*** Opening DATA ***

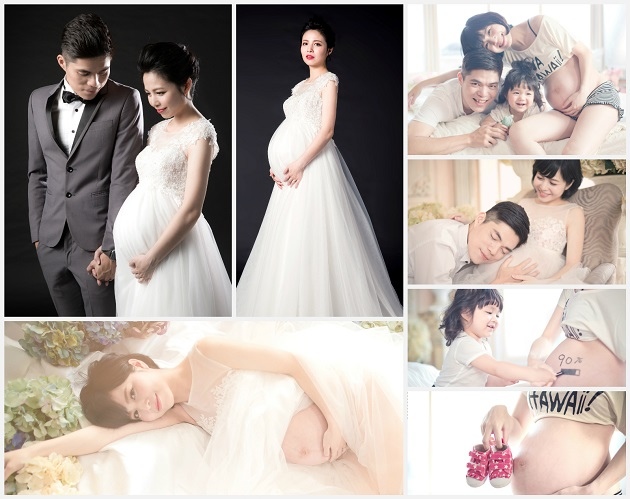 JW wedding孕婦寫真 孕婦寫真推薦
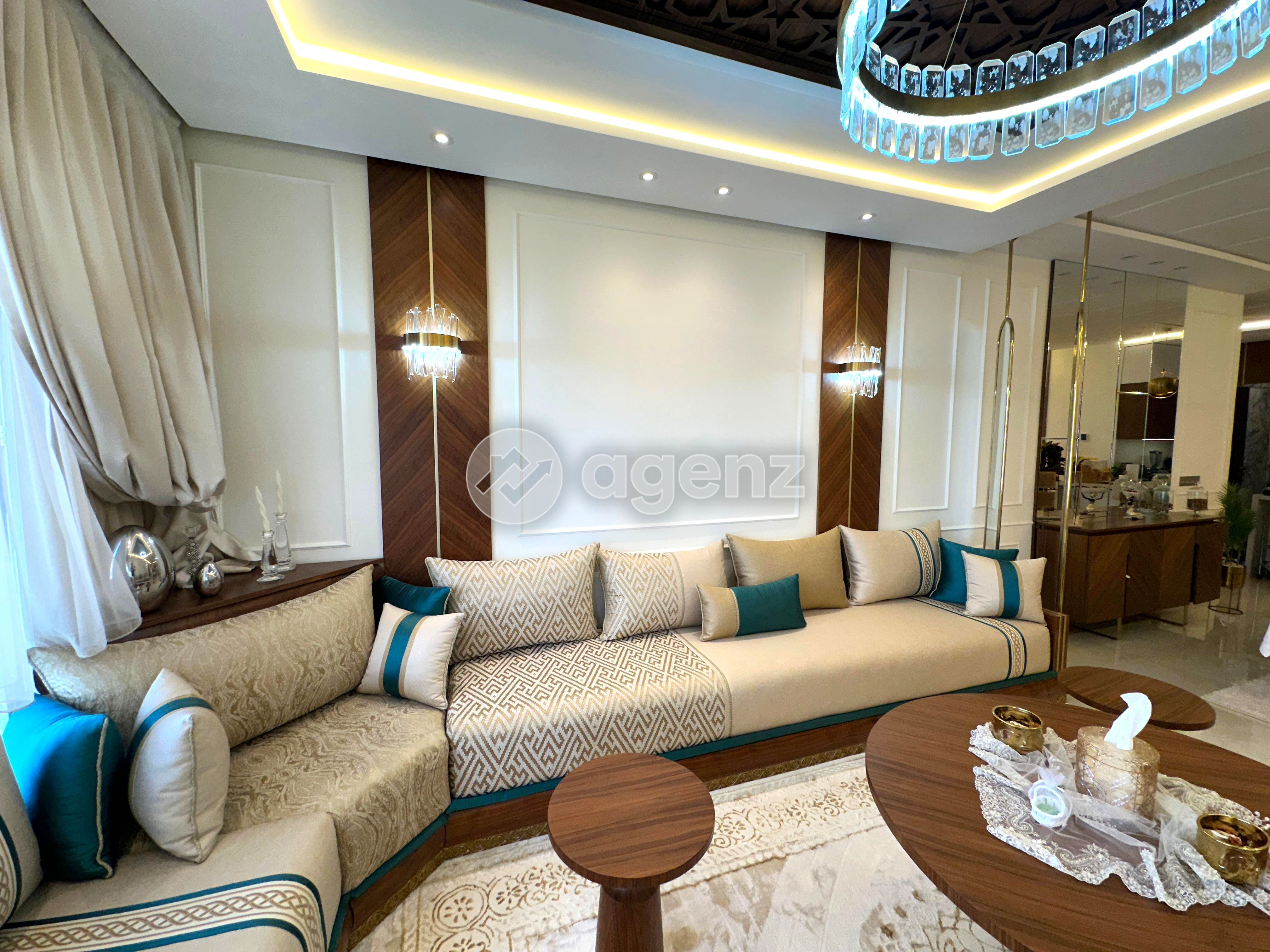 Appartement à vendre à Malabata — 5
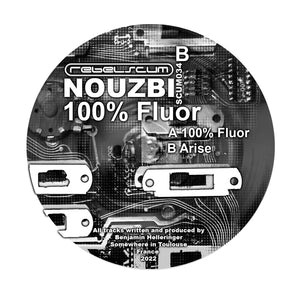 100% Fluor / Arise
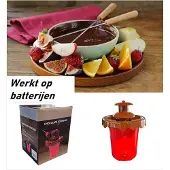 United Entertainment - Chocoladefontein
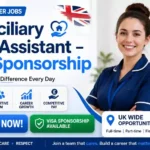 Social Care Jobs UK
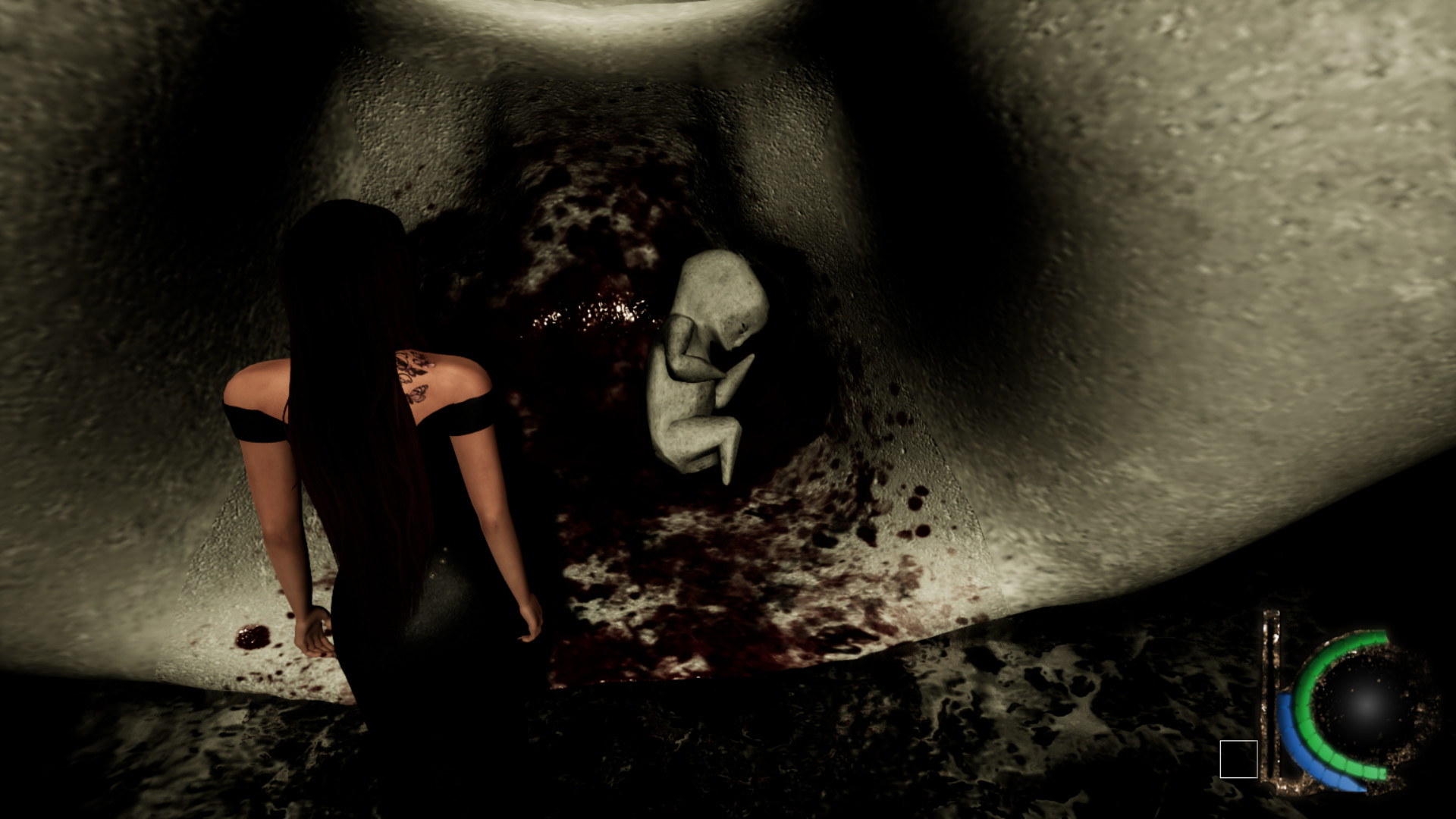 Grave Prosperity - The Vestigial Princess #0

*** Closing DATA ***

### ACTION ITEM
Reproduce the material in its entirety and word for word, without the pictures.

### FINAL ANSWER
 JW wedding孕婦寫真 孕婦寫真推薦
 Appartement à vendre à Malabata — 5
 100% Fluor / Arise
 United Entertainment - Chocoladefontein
 Social Care Jobs UK
 Grave Prosperity - The Vestigial Princess #0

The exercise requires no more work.